Reputation: 155
This is probably an easy problem but basically I have a dataset where I am to count the number of females for each country. Ultimately I want to group each count by the country but I am unsure of what to use for the value since there is not a count column in the dataset that I can use as the value in a groupByKey or reduceByKey. I thought of using a reduceByKey() but that requires a key-value pair and I only want to count the key and make a counter as the value. How do I go about this?
val lines = sc.textFile("/home/cloudera/desktop/file.txt")
val split_lines = lines.map(_.split(","))

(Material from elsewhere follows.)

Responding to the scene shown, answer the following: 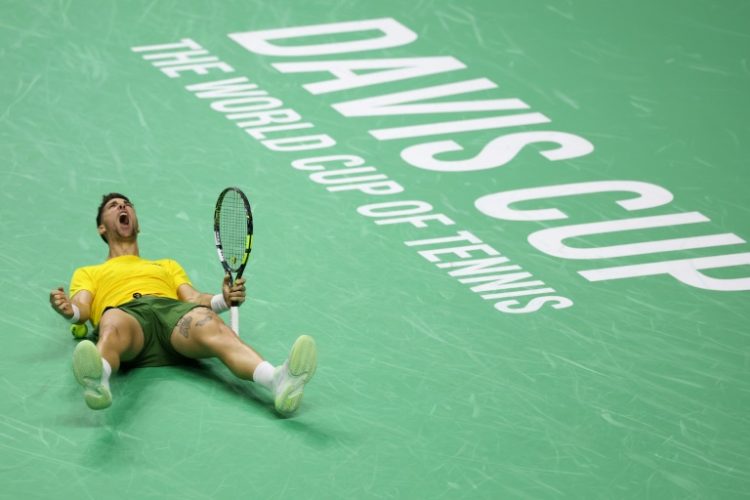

val femaleOnly = split_lines.filter(x => x._10 == "Female")
Here is where I am stuck. The country is index 13 in the dataset also. The output should something look like this: (Australia, 201000) (America, 420000) etc Any help would be great. Thanks
Upvotes: 11
Views: 53112
Reputation: 2747
You're nearly there! All you need is a countByValue:
val countOfFemalesByCountry = femaleOnly.map(_(13)).countByValue()
// Prints (Australia, 230), (America, 23242), etc.
(In your example, I assume you meant x(10) rather than x._10)
All together:
sc.textFile("/home/cloudera/desktop/file.txt")
.map(_.split(","))
.filter(x => x(10) == "Female")
.map(_(13))
.countByValue()
Upvotes: 17
Reputation: 35925
You can easily create a key, it doesn't have to be in the file/database. For example:
val countryGender = sc.textFile("/home/cloudera/desktop/file.txt")
.map(_.split(","))
.filter(x => x._10 == "Female")
.map(x => (x._13, x._10)) // <<<< here you generate a new key
.groupByKey();
Upvotes: 0
Reputation: 11985
Have you considered manipulating your RDD using the Dataframes API ?
It looks like you're loading a CSV file, which you can do with spark-csv.
Then it's a simple matter (if your CSV is titled with the obvious column names) of:
import com.databricks.spark.csv._
val countryGender = sqlContext.csvFile("/home/cloudera/desktop/file.txt") // already splits by field
.filter($"gender" === "Female")
.groupBy("country").count().show()
If you want to go deeper in this kind of manipulation, here's the guide: https://spark.apache.org/docs/latest/sql-programming-guide.html
Upvotes: 5